▶ [Records shown]:
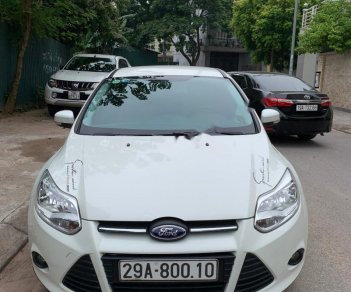 Ford Focus Trend 1.6 AT 2013 - Bán Ford Focus sản xuất năm 2013 màu trắng, xe 1 chủ đi từ đầu, được giữ gìn, bảo dưỡng định kỳ đúng hạn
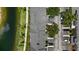 Aerial view of townhome rooftops, parking, and a lush landscape including a serene pond at 7593 Plantation Cir, Bradenton, FL 34201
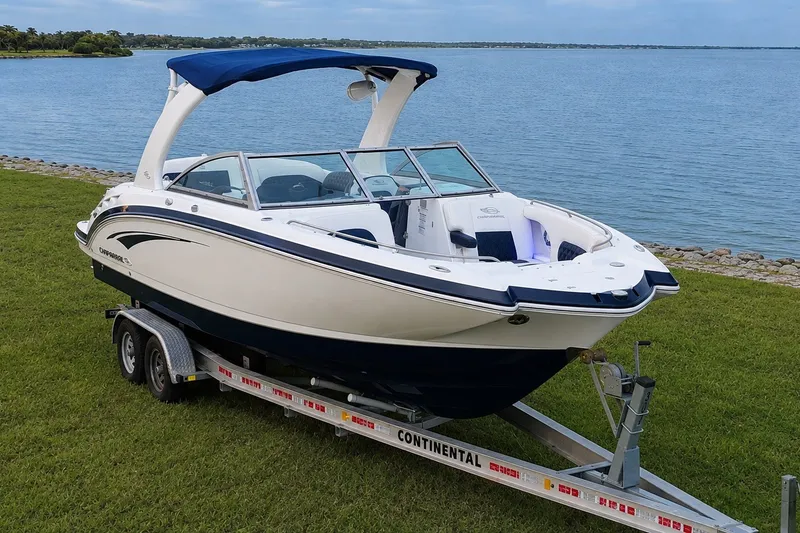 Slide: The Image of 2013 Chaparral 287 SSX boat on trailer by a lake, featuring sleek design and blue canopy. - 9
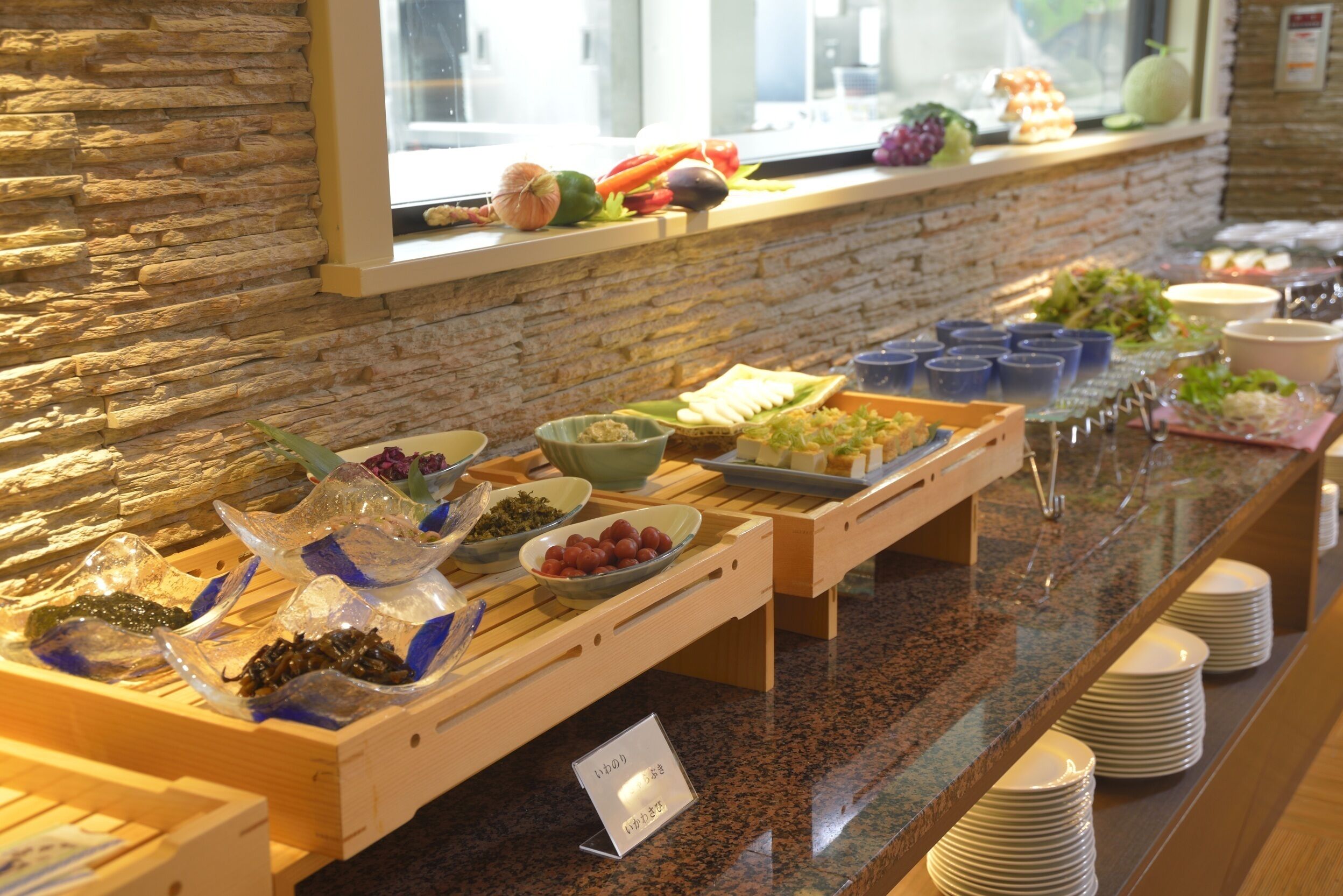 Ein reichhaltiges Buffet mit verschiedenen Speisen und einer Wand aus Stein im Hintergrund.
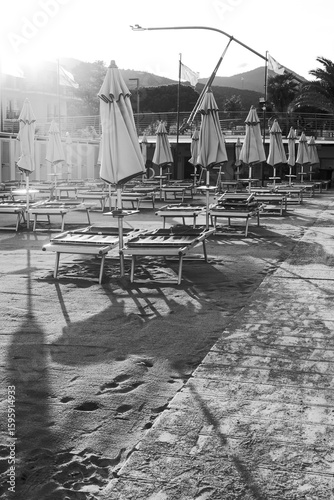 Black & white beach by the Tyrrhenian sea, Liguria, Italy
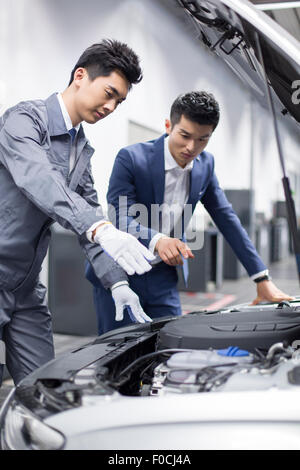 Auto mechanic talking with car owner Stock Photo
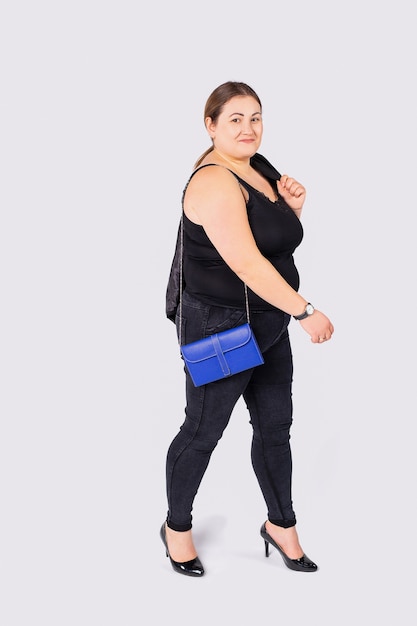 Fashion woman in a good mood dressing in a black jeans and shirt holding a blue bag on a right arm isolated on grey background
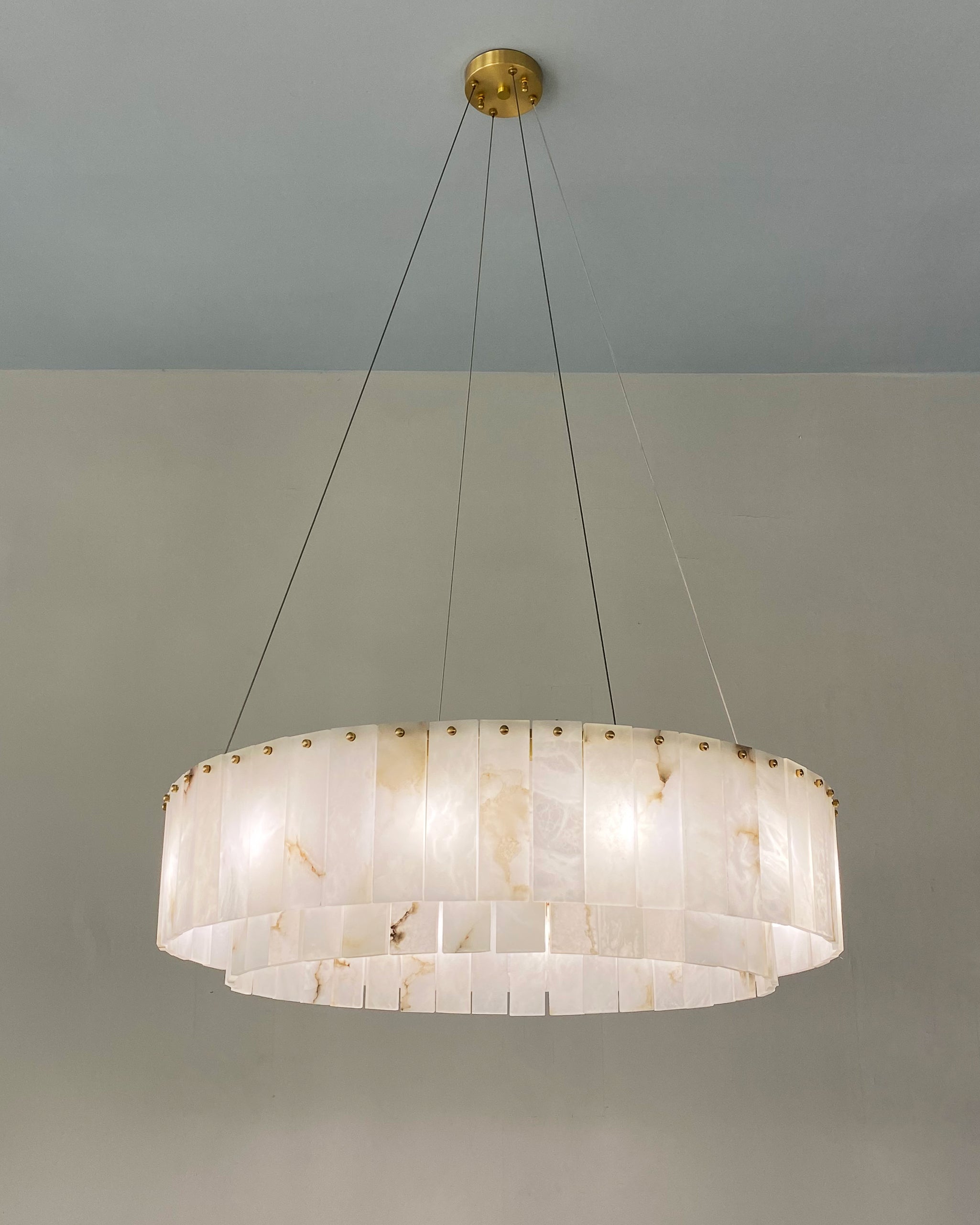 VORELLI® Munro marble chandelier suspended above dining table creating soft natural glow in contemporary interior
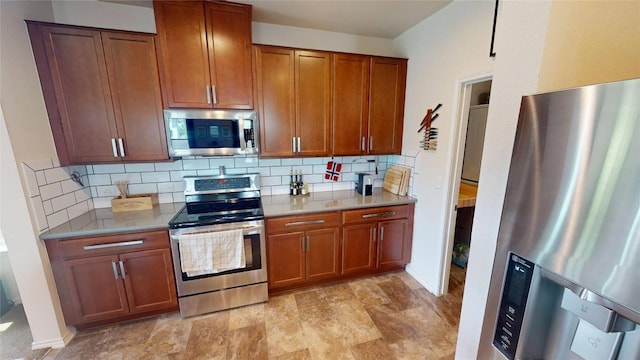 11405 Kirkland Hill Path, Austin, TX 78754 - kitchen with stainless steel appliances, tasteful backsplash, brown cabinets, and light countertops
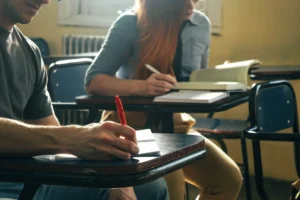 Estudantes em sala de aula escrevendo e fazendo anotações durante a aula.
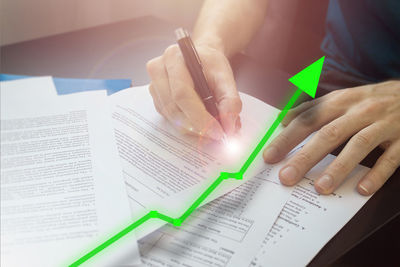 Midsection of woman reading book on table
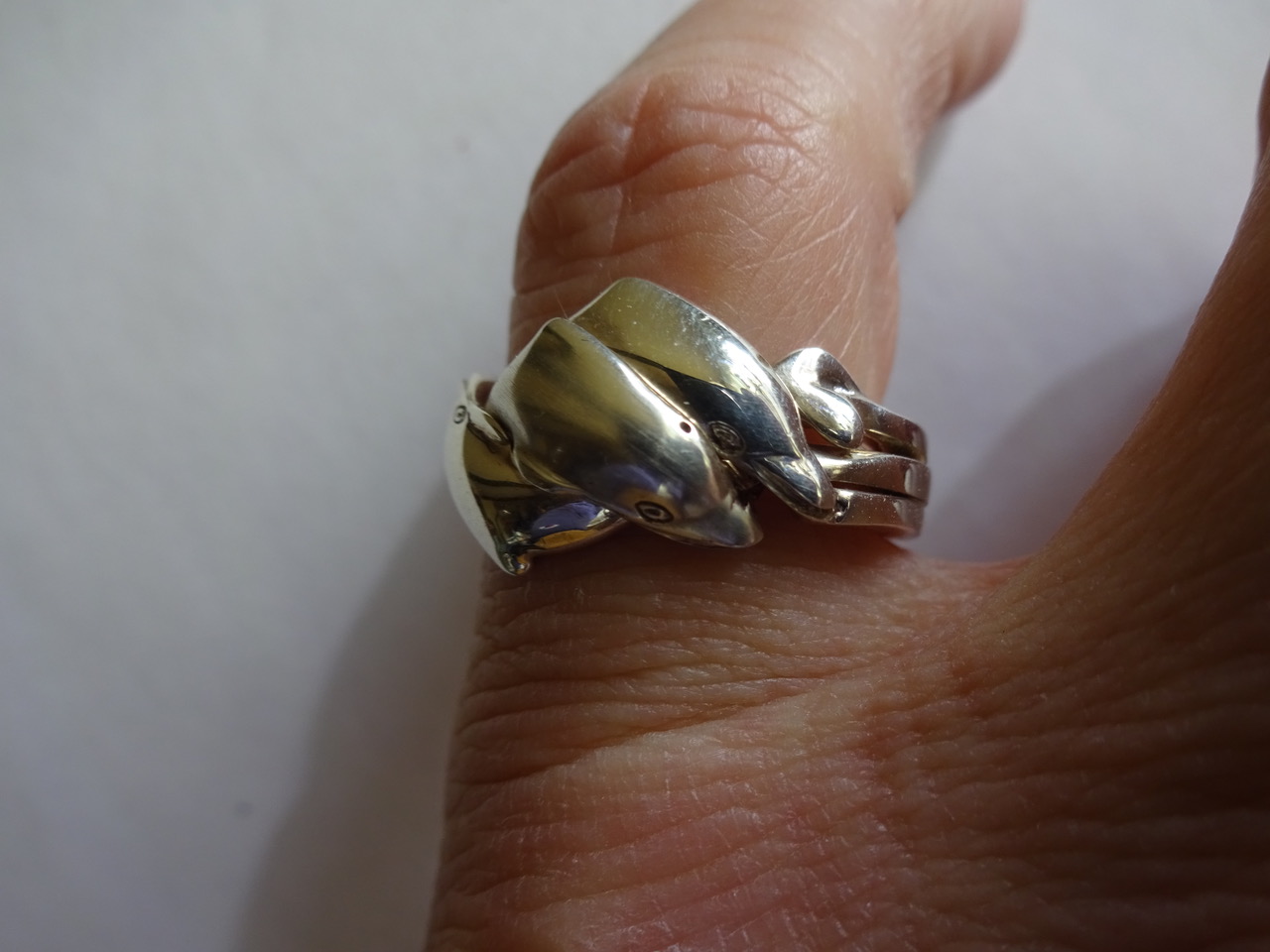 3 DOLPHIN PUZZLE RING Rasnick Jewelry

▶ [Exercise details]: In the listing above, find the line containing "Black & white" and restate it and every later line verbatim, with the pictures left out.

▶ [Answer area]:
 Black & white beach by the Tyrrhenian sea, Liguria, Italy
 Auto mechanic talking with car owner Stock Photo
 Fashion woman in a good mood dressing in a black jeans and shirt holding a blue bag on a right arm isolated on grey background
 VORELLI® Munro marble chandelier suspended above dining table creating soft natural glow in contemporary interior
 11405 Kirkland Hill Path, Austin, TX 78754 - kitchen with stainless steel appliances, tasteful backsplash, brown cabinets, and light countertops
 Estudantes em sala de aula escrevendo e fazendo anotações durante a aula.
 Midsection of woman reading book on table
 3 DOLPHIN PUZZLE RING Rasnick Jewelry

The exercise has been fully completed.